My suggestion:
Use getCameraMatrix to get the x, y, z position of camera.
Use getWorldFromScreenPosition on position of the cursor, with depth being the maximum distance you want to reach, to get the cursor's 3D position at that distance.
Use processLineOfSight between camera and cursor coordinates to find the 3D position of the vehicle's surface point where the cursor is pointing.
Transform that surface point from world coordinate space to vehicle's local coordinate space with the help of getElementMatrix. This one is a bit tricky since the element matrix allows transforming from local to world space easily, using matrix x vector multiplication, but doing the opposite (world to local) requires multiplying the inverse of that matrix by vector, and there doesn't seem to be a built-in function for calculating the inverse of a matrix in MTA. I could do that in Lua, since it's not very complicated, but still easy enough to make a mistake.
Luckily, the vehicles have a scale of 1 and no shearing transformations (unless some glitch with Monster truck wheels occurs which does exactly that kind of crap to other vehicles), which makes the rotation matrix (the 3x3 part of element matrix) orthogonal, which in turn makes its inverse equal to transpose.
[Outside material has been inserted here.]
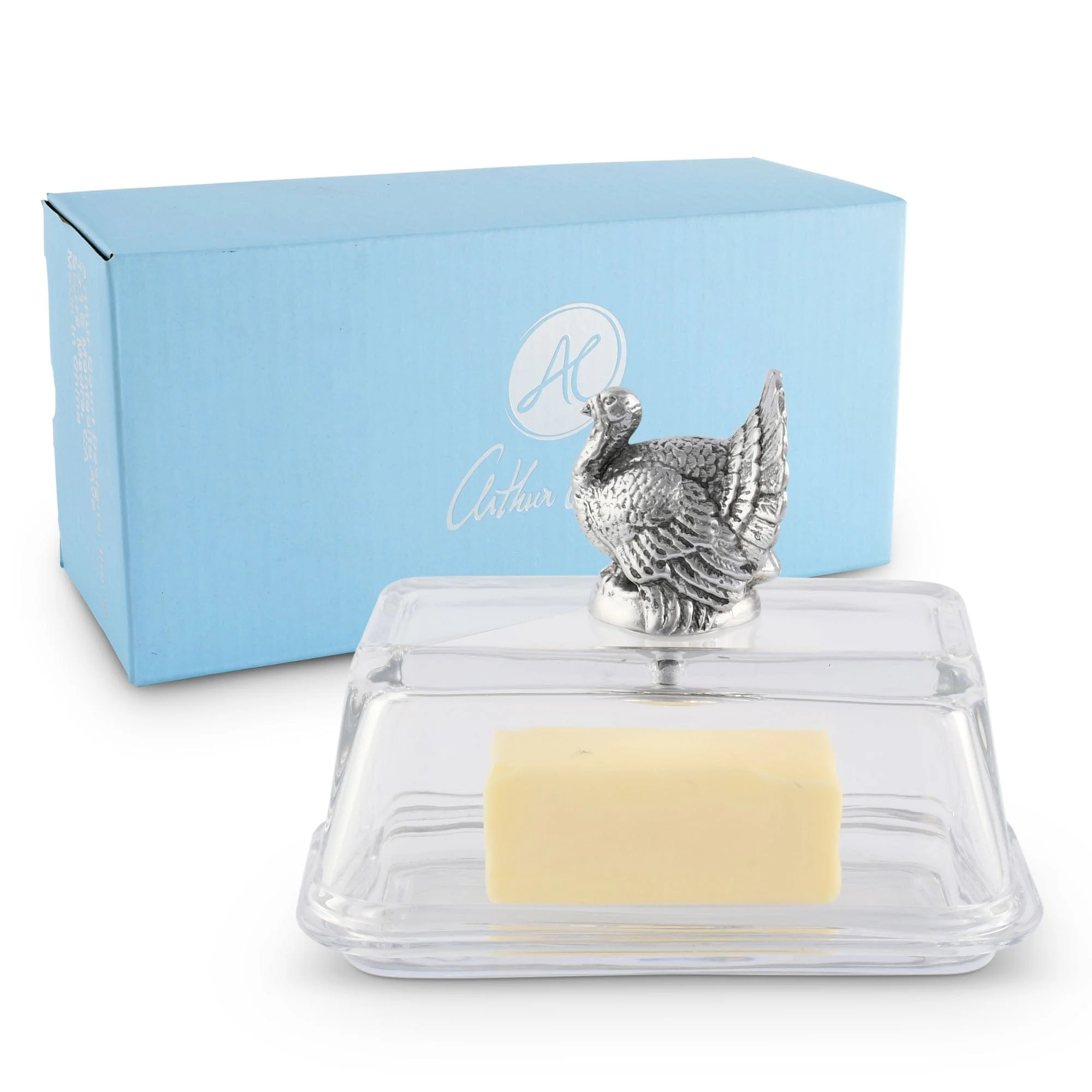 Arthur Court Glass Butter Dish - Turkey - Image 6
This is my attempt to transform the coordinates:
-- wx, wy, wz are the coordinates in world space
local m = getElementMatrix(vehicle)
local rx, ry, rz = wx-m[4][1], wy-m[4][2], wz = m[4][3]
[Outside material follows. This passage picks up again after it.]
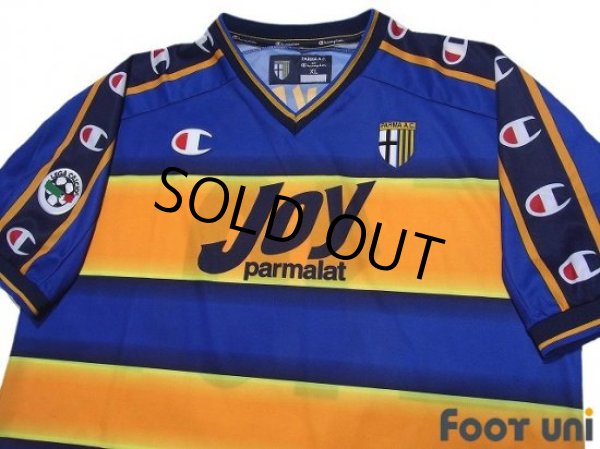 Photo3: Parma 2001-2002 Home Shirt #10 Hidetoshi Nakata Lega Calcio Patch/Badge (3)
local lx = m[1][1]*rx + m[1][2]*ry + m[1][3]*rz
local ly = m[2][1]*rx + m[2][2]*ry + m[2][3]*rz
local lz = m[3][1]*rx + m[3][2]*ry + m[3][3]*rz
Unless I screwed something up, lx, ly, lz should be wx, wy, wz relative to the vehicle. By transforming the cursor's 3D position like that, you can get the cursor's position with respect to the vehicle, which sounds like what you need.